▶ [Required action]: Using the data that follows, give again word for word the lines between the one holding "Lilly Pulitzer coral pull on shorts" and the one holding "Galpão disponível para", inclusive. Omit the pictures.
--- Supplied records ---
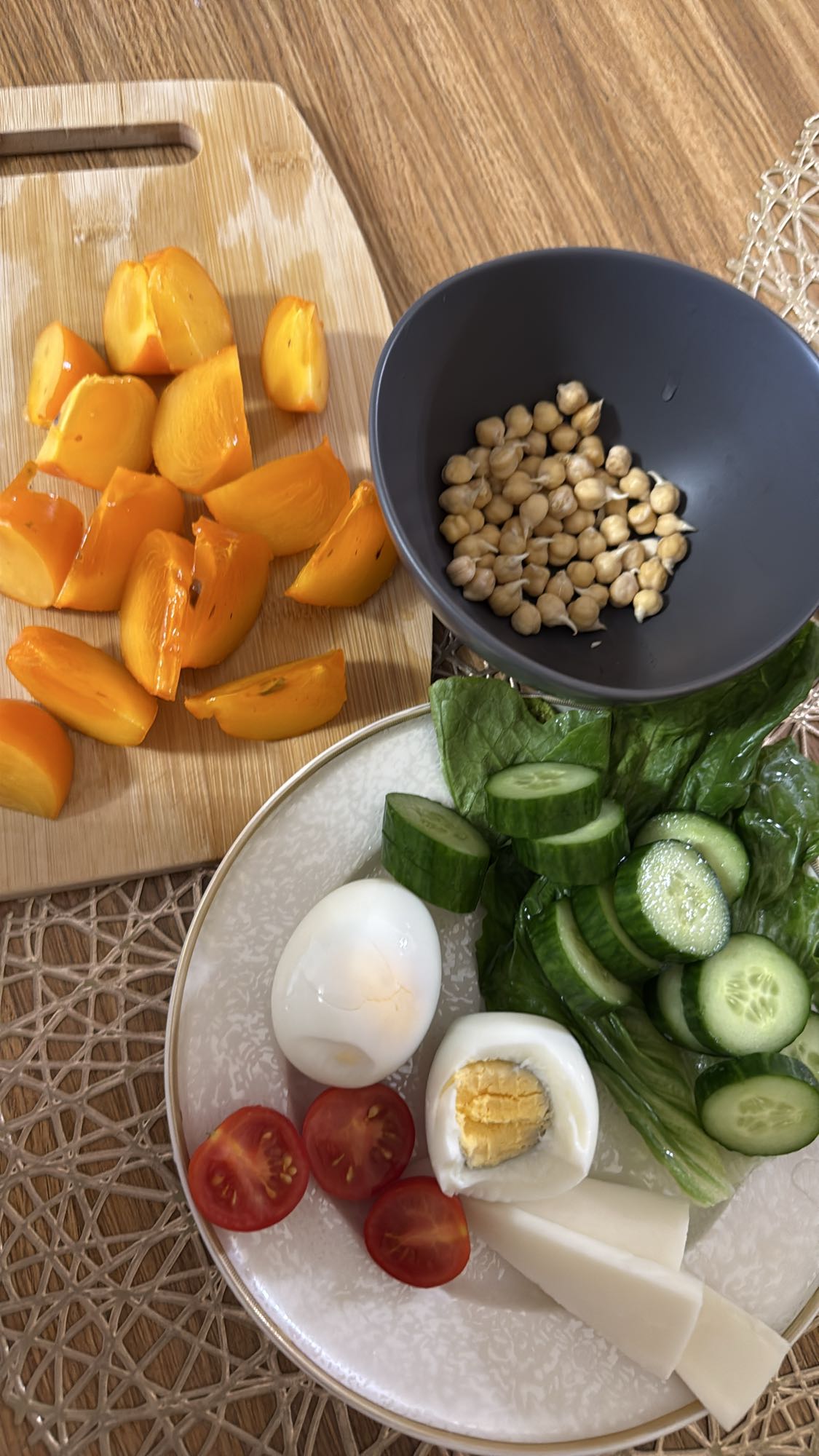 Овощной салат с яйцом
---
--- Supplied records ---
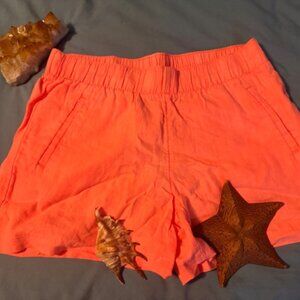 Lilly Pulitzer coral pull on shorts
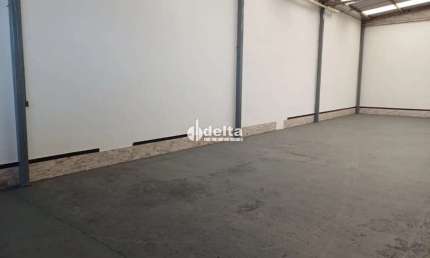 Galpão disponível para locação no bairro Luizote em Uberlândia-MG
---
▶ [Answer to the problem]:
 Lilly Pulitzer coral pull on shorts
 Galpão disponível para locação no bairro Luizote em Uberlândia-MG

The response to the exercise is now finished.